Output all of the material exactly; leave out no line.
─── Task input ───
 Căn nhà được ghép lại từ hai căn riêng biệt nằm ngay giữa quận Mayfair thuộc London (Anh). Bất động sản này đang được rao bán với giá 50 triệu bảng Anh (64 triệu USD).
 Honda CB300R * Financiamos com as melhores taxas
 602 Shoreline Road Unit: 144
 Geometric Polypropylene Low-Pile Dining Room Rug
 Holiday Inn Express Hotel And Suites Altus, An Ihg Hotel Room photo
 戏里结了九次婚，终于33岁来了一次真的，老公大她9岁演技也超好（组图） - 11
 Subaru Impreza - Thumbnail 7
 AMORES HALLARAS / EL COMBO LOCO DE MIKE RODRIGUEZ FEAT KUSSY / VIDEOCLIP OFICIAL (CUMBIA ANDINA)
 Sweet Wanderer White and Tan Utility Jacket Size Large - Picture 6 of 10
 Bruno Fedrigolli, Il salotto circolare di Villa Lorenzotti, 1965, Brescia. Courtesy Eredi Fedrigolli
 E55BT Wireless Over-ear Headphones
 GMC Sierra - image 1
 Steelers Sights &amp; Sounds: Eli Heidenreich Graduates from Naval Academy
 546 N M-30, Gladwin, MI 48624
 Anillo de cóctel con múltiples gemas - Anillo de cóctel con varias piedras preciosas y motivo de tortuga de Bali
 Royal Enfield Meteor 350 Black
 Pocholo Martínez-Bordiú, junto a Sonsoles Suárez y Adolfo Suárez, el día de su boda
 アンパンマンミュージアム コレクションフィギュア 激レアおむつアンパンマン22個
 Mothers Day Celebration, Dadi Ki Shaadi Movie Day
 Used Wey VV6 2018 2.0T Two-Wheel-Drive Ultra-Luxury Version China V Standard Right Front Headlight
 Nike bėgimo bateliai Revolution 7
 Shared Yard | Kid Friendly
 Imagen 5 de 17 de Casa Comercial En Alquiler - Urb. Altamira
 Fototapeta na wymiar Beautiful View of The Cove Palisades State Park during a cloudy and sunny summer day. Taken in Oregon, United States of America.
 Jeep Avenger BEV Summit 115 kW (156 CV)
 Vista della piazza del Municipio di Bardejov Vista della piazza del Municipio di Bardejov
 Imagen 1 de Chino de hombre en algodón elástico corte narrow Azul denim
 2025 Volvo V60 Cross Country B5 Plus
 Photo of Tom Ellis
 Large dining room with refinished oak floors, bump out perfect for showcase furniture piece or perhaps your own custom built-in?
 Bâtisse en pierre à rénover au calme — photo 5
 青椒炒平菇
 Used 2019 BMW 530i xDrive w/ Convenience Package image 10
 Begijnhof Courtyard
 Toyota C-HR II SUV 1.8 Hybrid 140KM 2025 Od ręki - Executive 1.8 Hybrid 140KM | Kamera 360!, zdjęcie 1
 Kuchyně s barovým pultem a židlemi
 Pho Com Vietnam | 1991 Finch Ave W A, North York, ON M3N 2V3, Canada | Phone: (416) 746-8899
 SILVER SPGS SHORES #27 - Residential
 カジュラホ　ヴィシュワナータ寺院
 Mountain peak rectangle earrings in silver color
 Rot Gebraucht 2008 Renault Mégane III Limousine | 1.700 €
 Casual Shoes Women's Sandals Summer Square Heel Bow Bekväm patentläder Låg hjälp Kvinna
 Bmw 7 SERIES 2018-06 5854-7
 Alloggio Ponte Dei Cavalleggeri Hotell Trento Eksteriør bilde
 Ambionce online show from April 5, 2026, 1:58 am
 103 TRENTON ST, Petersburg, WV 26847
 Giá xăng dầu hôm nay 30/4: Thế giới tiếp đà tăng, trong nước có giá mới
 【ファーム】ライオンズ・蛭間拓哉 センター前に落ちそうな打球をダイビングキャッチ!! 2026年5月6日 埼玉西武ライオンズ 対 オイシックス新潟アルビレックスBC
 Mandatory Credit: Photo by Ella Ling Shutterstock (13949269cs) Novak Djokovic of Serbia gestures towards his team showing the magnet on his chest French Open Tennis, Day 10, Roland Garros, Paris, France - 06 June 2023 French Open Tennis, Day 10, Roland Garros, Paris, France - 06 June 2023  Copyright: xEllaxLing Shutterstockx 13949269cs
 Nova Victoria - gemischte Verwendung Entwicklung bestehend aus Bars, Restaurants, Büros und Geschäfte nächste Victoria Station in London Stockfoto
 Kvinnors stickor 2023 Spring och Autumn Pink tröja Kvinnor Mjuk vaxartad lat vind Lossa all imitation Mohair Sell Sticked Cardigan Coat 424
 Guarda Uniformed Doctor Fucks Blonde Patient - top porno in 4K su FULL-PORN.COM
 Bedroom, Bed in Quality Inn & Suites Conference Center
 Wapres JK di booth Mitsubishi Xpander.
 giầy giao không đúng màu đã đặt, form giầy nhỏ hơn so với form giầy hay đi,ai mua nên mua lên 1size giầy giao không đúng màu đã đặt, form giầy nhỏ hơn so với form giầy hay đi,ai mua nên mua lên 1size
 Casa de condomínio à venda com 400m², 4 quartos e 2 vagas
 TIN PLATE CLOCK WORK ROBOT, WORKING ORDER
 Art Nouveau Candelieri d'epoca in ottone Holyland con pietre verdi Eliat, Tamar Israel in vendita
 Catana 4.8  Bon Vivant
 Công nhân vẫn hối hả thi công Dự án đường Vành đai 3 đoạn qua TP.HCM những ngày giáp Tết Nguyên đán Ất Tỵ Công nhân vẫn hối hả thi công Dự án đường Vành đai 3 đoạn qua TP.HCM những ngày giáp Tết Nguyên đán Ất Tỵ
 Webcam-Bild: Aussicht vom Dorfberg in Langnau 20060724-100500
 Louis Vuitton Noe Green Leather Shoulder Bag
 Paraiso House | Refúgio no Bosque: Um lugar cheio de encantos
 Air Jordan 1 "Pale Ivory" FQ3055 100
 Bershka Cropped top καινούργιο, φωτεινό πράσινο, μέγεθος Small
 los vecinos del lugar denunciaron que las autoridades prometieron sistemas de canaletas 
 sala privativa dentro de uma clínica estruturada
───
» **Result of the task**:
 Căn nhà được ghép lại từ hai căn riêng biệt nằm ngay giữa quận Mayfair thuộc London (Anh). Bất động sản này đang được rao bán với giá 50 triệu bảng Anh (64 triệu USD).
 Honda CB300R * Financiamos com as melhores taxas
 602 Shoreline Road Unit: 144
 Geometric Polypropylene Low-Pile Dining Room Rug
 Holiday Inn Express Hotel And Suites Altus, An Ihg Hotel Room photo
 戏里结了九次婚，终于33岁来了一次真的，老公大她9岁演技也超好（组图） - 11
 Subaru Impreza - Thumbnail 7
 AMORES HALLARAS / EL COMBO LOCO DE MIKE RODRIGUEZ FEAT KUSSY / VIDEOCLIP OFICIAL (CUMBIA ANDINA)
 Sweet Wanderer White and Tan Utility Jacket Size Large - Picture 6 of 10
 Bruno Fedrigolli, Il salotto circolare di Villa Lorenzotti, 1965, Brescia. Courtesy Eredi Fedrigolli
 E55BT Wireless Over-ear Headphones
 GMC Sierra - image 1
 Steelers Sights &amp; Sounds: Eli Heidenreich Graduates from Naval Academy
 546 N M-30, Gladwin, MI 48624
 Anillo de cóctel con múltiples gemas - Anillo de cóctel con varias piedras preciosas y motivo de tortuga de Bali
 Royal Enfield Meteor 350 Black
 Pocholo Martínez-Bordiú, junto a Sonsoles Suárez y Adolfo Suárez, el día de su boda
 アンパンマンミュージアム コレクションフィギュア 激レアおむつアンパンマン22個
 Mothers Day Celebration, Dadi Ki Shaadi Movie Day
 Used Wey VV6 2018 2.0T Two-Wheel-Drive Ultra-Luxury Version China V Standard Right Front Headlight
 Nike bėgimo bateliai Revolution 7
 Shared Yard | Kid Friendly
 Imagen 5 de 17 de Casa Comercial En Alquiler - Urb. Altamira
 Fototapeta na wymiar Beautiful View of The Cove Palisades State Park during a cloudy and sunny summer day. Taken in Oregon, United States of America.
 Jeep Avenger BEV Summit 115 kW (156 CV)
 Vista della piazza del Municipio di Bardejov Vista della piazza del Municipio di Bardejov
 Imagen 1 de Chino de hombre en algodón elástico corte narrow Azul denim
 2025 Volvo V60 Cross Country B5 Plus
 Photo of Tom Ellis
 Large dining room with refinished oak floors, bump out perfect for showcase furniture piece or perhaps your own custom built-in?
 Bâtisse en pierre à rénover au calme — photo 5
 青椒炒平菇
 Used 2019 BMW 530i xDrive w/ Convenience Package image 10
 Begijnhof Courtyard
 Toyota C-HR II SUV 1.8 Hybrid 140KM 2025 Od ręki - Executive 1.8 Hybrid 140KM | Kamera 360!, zdjęcie 1
 Kuchyně s barovým pultem a židlemi
 Pho Com Vietnam | 1991 Finch Ave W A, North York, ON M3N 2V3, Canada | Phone: (416) 746-8899
 SILVER SPGS SHORES #27 - Residential
 カジュラホ　ヴィシュワナータ寺院
 Mountain peak rectangle earrings in silver color
 Rot Gebraucht 2008 Renault Mégane III Limousine | 1.700 €
 Casual Shoes Women's Sandals Summer Square Heel Bow Bekväm patentläder Låg hjälp Kvinna
 Bmw 7 SERIES 2018-06 5854-7
 Alloggio Ponte Dei Cavalleggeri Hotell Trento Eksteriør bilde
 Ambionce online show from April 5, 2026, 1:58 am
 103 TRENTON ST, Petersburg, WV 26847
 Giá xăng dầu hôm nay 30/4: Thế giới tiếp đà tăng, trong nước có giá mới
 【ファーム】ライオンズ・蛭間拓哉 センター前に落ちそうな打球をダイビングキャッチ!! 2026年5月6日 埼玉西武ライオンズ 対 オイシックス新潟アルビレックスBC
 Mandatory Credit: Photo by Ella Ling Shutterstock (13949269cs) Novak Djokovic of Serbia gestures towards his team showing the magnet on his chest French Open Tennis, Day 10, Roland Garros, Paris, France - 06 June 2023 French Open Tennis, Day 10, Roland Garros, Paris, France - 06 June 2023  Copyright: xEllaxLing Shutterstockx 13949269cs
 Nova Victoria - gemischte Verwendung Entwicklung bestehend aus Bars, Restaurants, Büros und Geschäfte nächste Victoria Station in London Stockfoto
 Kvinnors stickor 2023 Spring och Autumn Pink tröja Kvinnor Mjuk vaxartad lat vind Lossa all imitation Mohair Sell Sticked Cardigan Coat 424
 Guarda Uniformed Doctor Fucks Blonde Patient - top porno in 4K su FULL-PORN.COM
 Bedroom, Bed in Quality Inn & Suites Conference Center
 Wapres JK di booth Mitsubishi Xpander.
 giầy giao không đúng màu đã đặt, form giầy nhỏ hơn so với form giầy hay đi,ai mua nên mua lên 1size giầy giao không đúng màu đã đặt, form giầy nhỏ hơn so với form giầy hay đi,ai mua nên mua lên 1size
 Casa de condomínio à venda com 400m², 4 quartos e 2 vagas
 TIN PLATE CLOCK WORK ROBOT, WORKING ORDER
 Art Nouveau Candelieri d'epoca in ottone Holyland con pietre verdi Eliat, Tamar Israel in vendita
 Catana 4.8  Bon Vivant
 Công nhân vẫn hối hả thi công Dự án đường Vành đai 3 đoạn qua TP.HCM những ngày giáp Tết Nguyên đán Ất Tỵ Công nhân vẫn hối hả thi công Dự án đường Vành đai 3 đoạn qua TP.HCM những ngày giáp Tết Nguyên đán Ất Tỵ
 Webcam-Bild: Aussicht vom Dorfberg in Langnau 20060724-100500
 Louis Vuitton Noe Green Leather Shoulder Bag
 Paraiso House | Refúgio no Bosque: Um lugar cheio de encantos
 Air Jordan 1 "Pale Ivory" FQ3055 100
 Bershka Cropped top καινούργιο, φωτεινό πράσινο, μέγεθος Small
 los vecinos del lugar denunciaron que las autoridades prometieron sistemas de canaletas 
 sala privativa dentro de uma clínica estruturada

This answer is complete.